RFR: Newer AMD 17h (EPYC) Processor family defaults

Rohit Arul Raj rohitarulraj at gmail.com
Sat Sep 2 08:16:33 UTC 2017


Hello Vladimir,

> Changes look good. Only question I have is about MaxVectorSize. It is set >
> 16 only in presence of AVX:
>
> http://hg.openjdk.java.net/jdk10/hs/hotspot/file/046eab27258f/src/cpu/x86/vm/vm_version_x86.cpp#l945
>
> Does that code works for AMD 17h too?

Thanks for pointing that out. Yes, the code works fine for AMD 17h. So
I have removed the surplus check for MaxVectorSize from my patch. I
have updated, re-tested and attached the patch.

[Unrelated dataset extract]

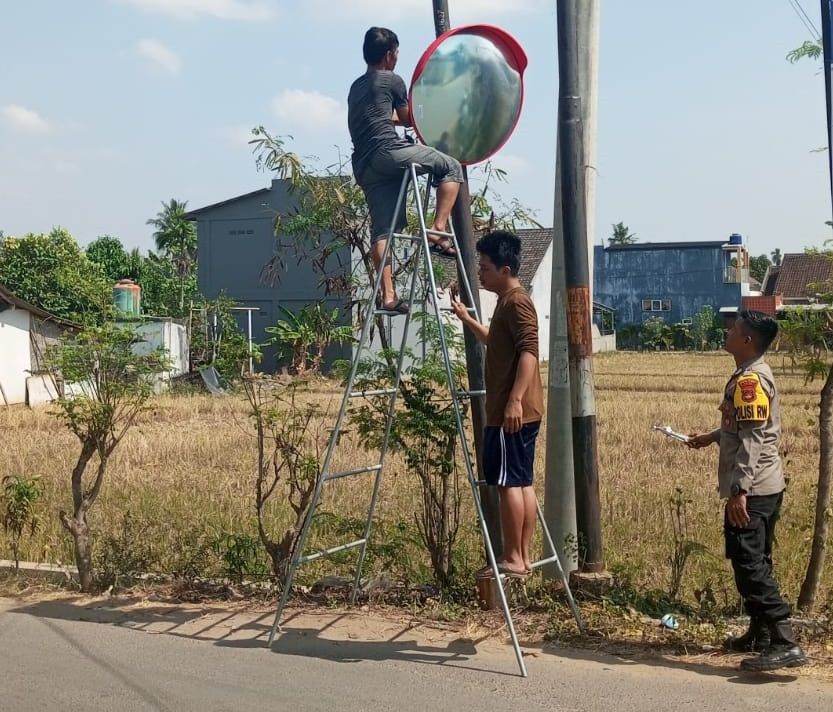 Polres Metro Lampung Pasang Kaca Cembung Tekan Angka Lakalantas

I have one query regarding the setting of UseSHA flag:
http://hg.openjdk.java.net/jdk10/hs/hotspot/file/046eab27258f/src/cpu/x86/vm/vm_version_x86.cpp#l821

AMD 17h has support for SHA.
AMD 15h doesn't have  support for SHA. Still "UseSHA" flag gets
enabled for it based on the availability of BMI2 and AVX2. Is there an
underlying reason for this? I have handled this in the patch but just
wanted to confirm.

Thanks for taking time to review the code.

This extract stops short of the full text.